* DATA SEGMENT:
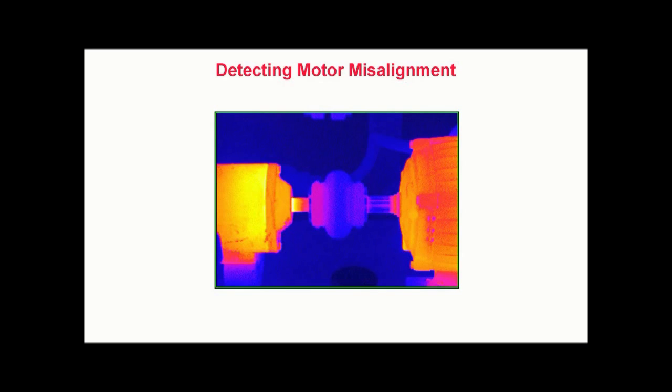Detecting motor misalignment. In this thermogram, we once again see the excessive heating caused by misalignment within a coupled system. We see excessive heat on both the driven device on the left, as well as the left side of the flexible motor coupling. Many maintenance professionals are surprised to learn that even the slightest amounts of misalignment cause large amounts of excessive heating within couplings.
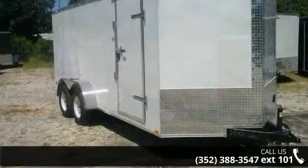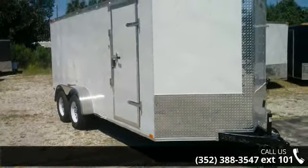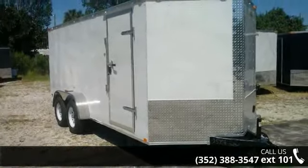Call now to ask the dealer about this unit. We are sure to have a quality trailer that fits your needs.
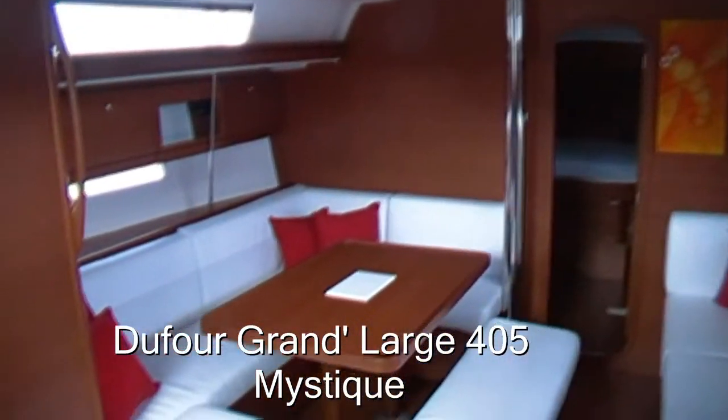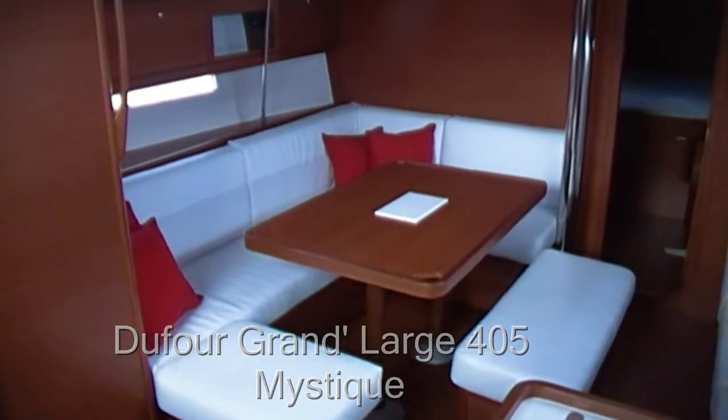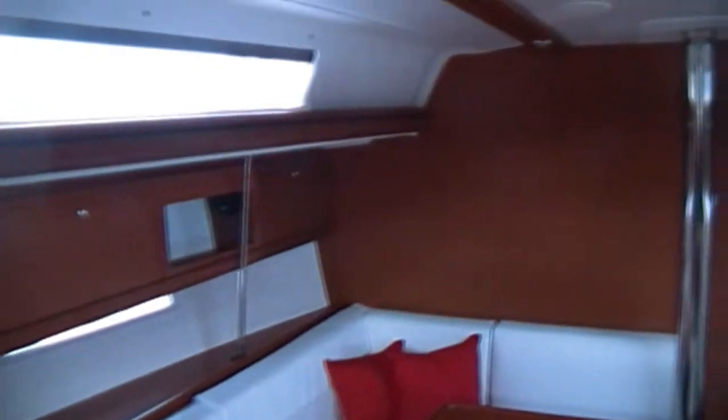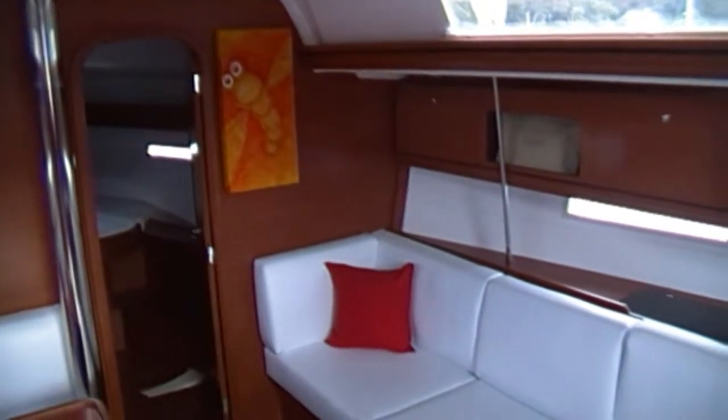Hello and welcome to Yachty. Today we'd like to introduce you to Mystique, a Dufour Grand Large 405. Mystique was only launched in March of this year, 2011, and presents in as new condition. She's a stunning yacht with some serious upgrades.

* WHAT TO DO: Recopy the full listing exactly, passing over any picture.

* PROBLEM SOLUTION:
Detecting motor misalignment. In this thermogram, we once again see the excessive heating caused by misalignment within a coupled system. We see excessive heat on both the driven device on the left, as well as the left side of the flexible motor coupling. Many maintenance professionals are surprised to learn that even the slightest amounts of misalignment cause large amounts of excessive heating within couplings.
Call now to ask the dealer about this unit. We are sure to have a quality trailer that fits your needs.
Hello and welcome to Yachty. Today we'd like to introduce you to Mystique, a Dufour Grand Large 405. Mystique was only launched in March of this year, 2011, and presents in as new condition. She's a stunning yacht with some serious upgrades.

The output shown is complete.